New Perspectives on Non-negative Matrix Factorization for Inference in Grouped Topic Models.

Probabilistic topic models (PTM’s) have become a ubiquitous approach for finding a set of latent themes (“topics”) in collections of unstructured text. A simpler, linear algebraic technique for the same problem is non-negative matrix factorization: we are given a matrix with non-negative entries and asked to find a pair of low-rank matrices, also non-negative, whose product is approximately the original matrix. A drawback of NMF is the non-convex nature of the optimization problem it poses. Recent work by the theoretical computer science community addresses this issue, utilizing NMF’s inherent structure to find conditions under which the objective function admits convexity. With convexity comes tractability, and the central theme of this thesis is the exploitation of this tractability to ally NMF with resampling-based nonparametrics.

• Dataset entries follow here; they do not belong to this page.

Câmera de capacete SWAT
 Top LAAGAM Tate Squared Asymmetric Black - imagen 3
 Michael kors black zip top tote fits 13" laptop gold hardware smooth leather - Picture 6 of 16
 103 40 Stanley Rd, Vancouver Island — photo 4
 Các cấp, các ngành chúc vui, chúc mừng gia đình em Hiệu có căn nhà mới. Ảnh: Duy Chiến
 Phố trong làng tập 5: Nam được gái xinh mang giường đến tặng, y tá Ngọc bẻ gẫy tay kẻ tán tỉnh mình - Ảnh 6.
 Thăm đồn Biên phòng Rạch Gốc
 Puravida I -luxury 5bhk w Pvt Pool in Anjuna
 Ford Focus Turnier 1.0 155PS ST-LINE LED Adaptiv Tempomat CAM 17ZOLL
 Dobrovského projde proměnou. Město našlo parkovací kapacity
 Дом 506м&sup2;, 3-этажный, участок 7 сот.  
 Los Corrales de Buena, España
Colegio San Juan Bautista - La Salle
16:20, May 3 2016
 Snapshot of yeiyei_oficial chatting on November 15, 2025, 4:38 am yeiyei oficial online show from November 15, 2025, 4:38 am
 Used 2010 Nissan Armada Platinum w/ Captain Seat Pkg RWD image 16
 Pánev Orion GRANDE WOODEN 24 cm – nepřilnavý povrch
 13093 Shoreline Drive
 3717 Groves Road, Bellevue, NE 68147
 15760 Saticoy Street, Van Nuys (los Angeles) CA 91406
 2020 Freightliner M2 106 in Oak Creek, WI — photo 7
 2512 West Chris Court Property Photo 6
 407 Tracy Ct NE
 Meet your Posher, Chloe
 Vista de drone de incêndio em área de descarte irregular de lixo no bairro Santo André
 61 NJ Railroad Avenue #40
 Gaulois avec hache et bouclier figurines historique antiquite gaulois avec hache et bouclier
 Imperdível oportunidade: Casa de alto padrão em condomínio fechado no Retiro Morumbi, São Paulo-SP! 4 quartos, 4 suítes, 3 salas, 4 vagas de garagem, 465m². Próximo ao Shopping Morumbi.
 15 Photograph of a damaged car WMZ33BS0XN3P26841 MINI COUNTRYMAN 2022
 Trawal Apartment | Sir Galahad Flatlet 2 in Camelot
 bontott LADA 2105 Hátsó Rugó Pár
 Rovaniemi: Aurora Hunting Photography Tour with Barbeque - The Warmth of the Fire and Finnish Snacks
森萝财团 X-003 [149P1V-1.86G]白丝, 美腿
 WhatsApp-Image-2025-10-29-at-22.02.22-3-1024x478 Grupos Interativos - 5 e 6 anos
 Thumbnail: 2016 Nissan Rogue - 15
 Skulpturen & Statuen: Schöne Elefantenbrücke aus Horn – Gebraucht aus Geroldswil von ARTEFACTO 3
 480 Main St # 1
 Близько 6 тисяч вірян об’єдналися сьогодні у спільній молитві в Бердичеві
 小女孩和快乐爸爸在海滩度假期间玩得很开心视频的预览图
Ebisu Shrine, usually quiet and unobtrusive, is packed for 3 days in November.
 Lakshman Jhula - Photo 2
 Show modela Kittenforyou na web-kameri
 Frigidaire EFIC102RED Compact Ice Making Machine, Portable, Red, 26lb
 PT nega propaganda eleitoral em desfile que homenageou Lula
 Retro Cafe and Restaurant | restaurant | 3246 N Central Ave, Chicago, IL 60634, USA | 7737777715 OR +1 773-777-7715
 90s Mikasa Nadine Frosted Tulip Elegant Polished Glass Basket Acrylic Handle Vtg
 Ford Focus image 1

Our motivating example is one in which a document collection exhibits some kind of partitioning according to a discrete, indexical covariate, and the goal is to assess the influence of this partitioning on document content; we call this scenario a grouped topic model. Computation relies on several well-studied tools from numerical linear algebra and convex programming which are especially well suited for synthesis with permutation tests and the bootstrap. The result is a set of simple, fast, and easily implementable methodologies for performing inference in grouped topic models. This is contrast to parallel developments in PTM’s where ever-more cumbersome inference schemes are required to fit complex graphical models.